### WHAT YOU ARE ASKED TO DO
Return, word for word, only the lines of the data below that lie between the line with "Walkerville House |" and the line with "image for item", those two lines included.

### ENTRIES PROVIDED
==========

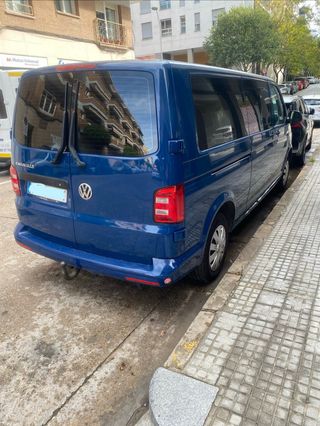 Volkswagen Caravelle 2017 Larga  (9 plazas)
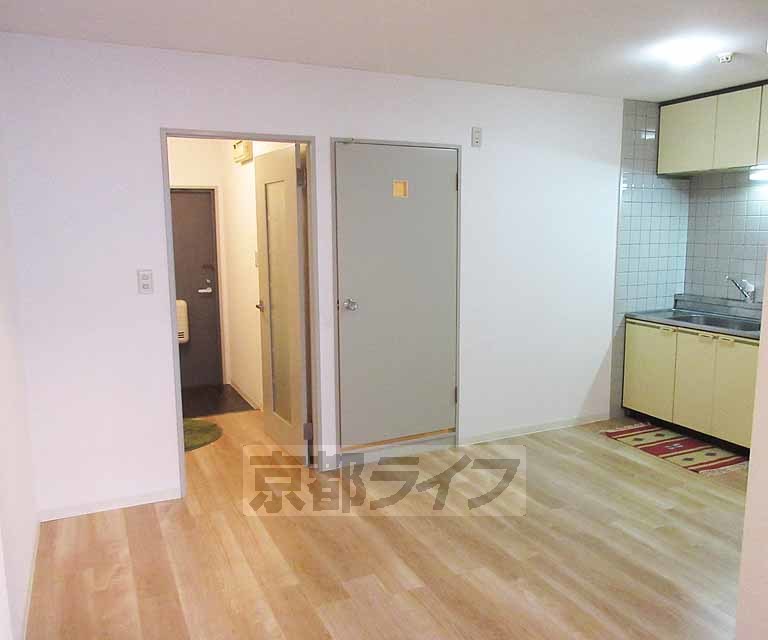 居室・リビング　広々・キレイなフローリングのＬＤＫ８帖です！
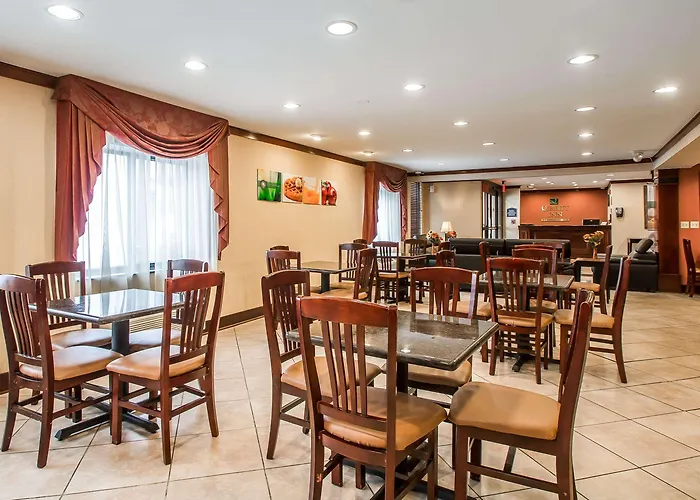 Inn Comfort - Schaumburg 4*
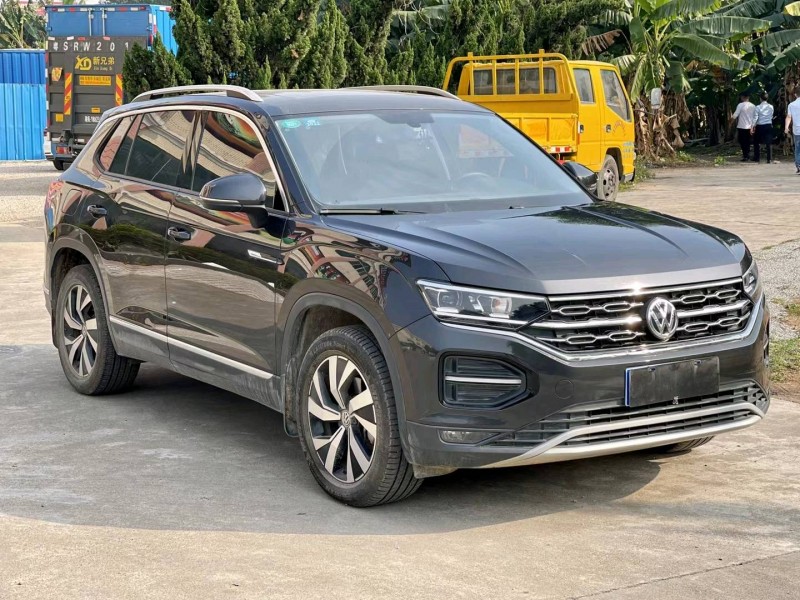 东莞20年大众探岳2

==========

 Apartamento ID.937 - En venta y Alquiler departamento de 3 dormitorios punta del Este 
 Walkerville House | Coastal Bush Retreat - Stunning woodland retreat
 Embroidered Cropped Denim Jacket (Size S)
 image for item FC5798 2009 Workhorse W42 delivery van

==========

### EXERCISE RESPONSE
 Walkerville House | Coastal Bush Retreat - Stunning woodland retreat
 Embroidered Cropped Denim Jacket (Size S)
 image for item FC5798 2009 Workhorse W42 delivery van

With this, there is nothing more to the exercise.